The Macro comes last
When trying to define a default rule for prioritizing between macros and functions, I usually reach the following order:
  1. Function.
  2. Inline Function. (be careful)
  3. Macro.


This will fit most common usage with a simple reasoning: functions are safer, they are evaluated in both compilation and linkage, easier to debug, do not increase code footprint and easier to scale.
Considering modern compiler optimizations and the inline option, this fits well even when considering CPU and memory constraints.

Only Macro 
Nevertheless, there are still occasions where macros are very useful, and functions, of any type, cannot be an alternative. Usually, these macros either are generic enough to ignore the input types or accept as input the type on which the work is to be done.

A simple example is the min() macro which is consider "safe":
#define min(x, y) ({ \
typeof(x) _min1 = (x); \
typeof(y) _min2 = (y); \
(void) (&_min1 == &_min2); \
_min1 < _min2 ? _min1 : _min2; })
It's safe because:
  1. It is usable in expression context. (allowing: if(x) min(a,b); )
  2. Only evaluates its arguments once. (supporting: min(a++,b); )
  3. Requires that both of its arguments are of the same type (i.e. no implicit casts).
A non trivial example is the list_entry() macro which is frequently used in the Linux kernel to handle (double) link lists. The link list are handled using node anchors embedded in the data structures to generalize the link list handling. (check here for more details)
In fact, list_entry() is a wrapper for the container_of() macro:
#define offsetof(TYPE, MEMBER) ((size_t) &((TYPE *)0)->MEMBER)
#define container_of(ptr, type, member) ({ \
const typeof( ((type *)0)->member ) *__mptr = (ptr); \
(type *)( (char *)__mptr - offsetof(type,member) );})
Its objective is simple: Given a node pointer, the data type in which it lives and the data type member name that represents the node, return the pointer to the data structure. Note that the node may be placed anywhere in the structure.
Here is a simple example of how it is used:
struct my_data_s
{
   int                    id;
   struct list_head node;
   char               *name;
struct my_data_s test_data[10];
struct my_data_s *tmp_data;
struct list_head *p_node = &test_data[5].node;

tmp_data = container_of(p_node, struct my_data_s, node);
/* tmp_data == &test_data[5] */ 
Obviously, such a macros cannot be converted in any way to a function, and at the same time, it presents a valuable functionality of generalizing usage without loosing "safety".

Creator Macro
Another interesting usage of macros is the static creation & initialization of objects.
One such example, also in the list module is LIST_HEAD(), which creates a link list and initializes it.

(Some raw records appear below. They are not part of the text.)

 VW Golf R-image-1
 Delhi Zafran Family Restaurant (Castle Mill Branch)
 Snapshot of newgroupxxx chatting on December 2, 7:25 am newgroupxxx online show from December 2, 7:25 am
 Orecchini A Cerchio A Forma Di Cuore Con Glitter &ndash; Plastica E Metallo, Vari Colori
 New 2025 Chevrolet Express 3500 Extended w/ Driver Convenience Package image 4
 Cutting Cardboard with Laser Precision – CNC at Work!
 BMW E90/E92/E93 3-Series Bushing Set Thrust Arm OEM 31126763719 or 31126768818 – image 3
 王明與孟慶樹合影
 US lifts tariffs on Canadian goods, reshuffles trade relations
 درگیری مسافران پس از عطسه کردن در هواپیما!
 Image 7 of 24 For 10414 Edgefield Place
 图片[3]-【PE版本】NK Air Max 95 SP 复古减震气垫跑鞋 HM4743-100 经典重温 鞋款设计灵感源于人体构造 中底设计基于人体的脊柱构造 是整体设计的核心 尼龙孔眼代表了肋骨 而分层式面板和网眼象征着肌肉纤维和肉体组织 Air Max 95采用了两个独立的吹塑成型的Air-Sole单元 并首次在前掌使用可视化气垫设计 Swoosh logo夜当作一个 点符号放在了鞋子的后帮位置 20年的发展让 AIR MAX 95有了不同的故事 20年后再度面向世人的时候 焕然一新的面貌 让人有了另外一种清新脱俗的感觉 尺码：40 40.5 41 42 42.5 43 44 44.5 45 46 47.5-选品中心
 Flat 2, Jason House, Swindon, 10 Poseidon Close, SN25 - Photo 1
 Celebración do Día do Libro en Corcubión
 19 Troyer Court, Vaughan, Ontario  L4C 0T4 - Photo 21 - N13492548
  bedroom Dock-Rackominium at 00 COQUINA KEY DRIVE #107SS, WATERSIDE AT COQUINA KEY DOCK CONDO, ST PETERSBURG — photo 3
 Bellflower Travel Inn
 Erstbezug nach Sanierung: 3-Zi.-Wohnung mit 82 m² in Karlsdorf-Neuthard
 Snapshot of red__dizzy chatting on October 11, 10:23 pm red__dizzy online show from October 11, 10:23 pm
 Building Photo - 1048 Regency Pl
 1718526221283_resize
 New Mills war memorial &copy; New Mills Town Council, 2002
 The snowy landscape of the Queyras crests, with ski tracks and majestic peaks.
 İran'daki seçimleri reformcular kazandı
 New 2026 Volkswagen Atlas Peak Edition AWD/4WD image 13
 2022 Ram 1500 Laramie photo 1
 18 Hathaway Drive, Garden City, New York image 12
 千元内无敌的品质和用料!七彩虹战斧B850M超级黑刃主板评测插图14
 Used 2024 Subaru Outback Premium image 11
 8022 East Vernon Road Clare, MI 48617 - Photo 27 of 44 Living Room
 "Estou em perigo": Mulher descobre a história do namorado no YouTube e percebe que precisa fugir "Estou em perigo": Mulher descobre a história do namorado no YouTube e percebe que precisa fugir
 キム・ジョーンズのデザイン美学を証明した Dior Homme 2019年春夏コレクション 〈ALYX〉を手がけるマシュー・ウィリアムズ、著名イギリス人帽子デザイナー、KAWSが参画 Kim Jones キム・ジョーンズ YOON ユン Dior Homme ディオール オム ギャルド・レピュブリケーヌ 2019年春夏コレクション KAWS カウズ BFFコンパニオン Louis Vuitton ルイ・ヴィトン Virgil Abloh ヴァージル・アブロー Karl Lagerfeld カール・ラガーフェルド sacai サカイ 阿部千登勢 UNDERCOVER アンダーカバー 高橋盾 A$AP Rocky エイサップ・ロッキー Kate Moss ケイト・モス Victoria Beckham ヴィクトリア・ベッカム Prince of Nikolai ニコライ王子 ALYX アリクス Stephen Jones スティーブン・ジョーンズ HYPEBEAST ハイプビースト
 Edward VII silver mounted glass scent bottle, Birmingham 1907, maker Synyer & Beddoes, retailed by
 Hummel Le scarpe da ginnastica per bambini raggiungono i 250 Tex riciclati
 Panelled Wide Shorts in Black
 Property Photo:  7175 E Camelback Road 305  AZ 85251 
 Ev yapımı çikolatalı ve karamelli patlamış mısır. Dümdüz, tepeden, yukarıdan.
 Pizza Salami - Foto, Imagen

In some cases, the modules provide both static and dynamic (*alloc) object/instance creation, where the macro is used for creating the static ones.

Wrapper Macro
Wrappers can actually be implemented as functions, however, many times they are so basic that it seems wasteful to use a call function. Other times, it is required to control such operation at compile time (and not run-time).
Usage includes mocking of functions in unit tests, expanding an existing function (adding arguments) without touching the callers, switching between debug and production code through compilation flags (see the assert() macro), etc.



Summary
We should prefer to "function", "inline" if necessary and "macro" when appropriate, in this order.
Reasoning the use of each function-like macro is a good start.



(and when such a reason is found, please share so I could add to my list :-))

Thursday, August 1, 2013

Why should we rain down builds and deliver without restraints.

What I like about software development is the diversity of subjects I have the opportunity to explore. What I like even more, is that my opinion and the way I see things constantly changes.



Strange as it may seems, in my domain (embedded, C/C++ based, telecom industry) Continuous Integration is not a familiar term or practice.
From my limited experience in the field, practices and tools that support CI for Embedded C/C++ programming are rare.

For many (in our domain), the idea of every check-in to a release branch becoming a deliverable build is insane.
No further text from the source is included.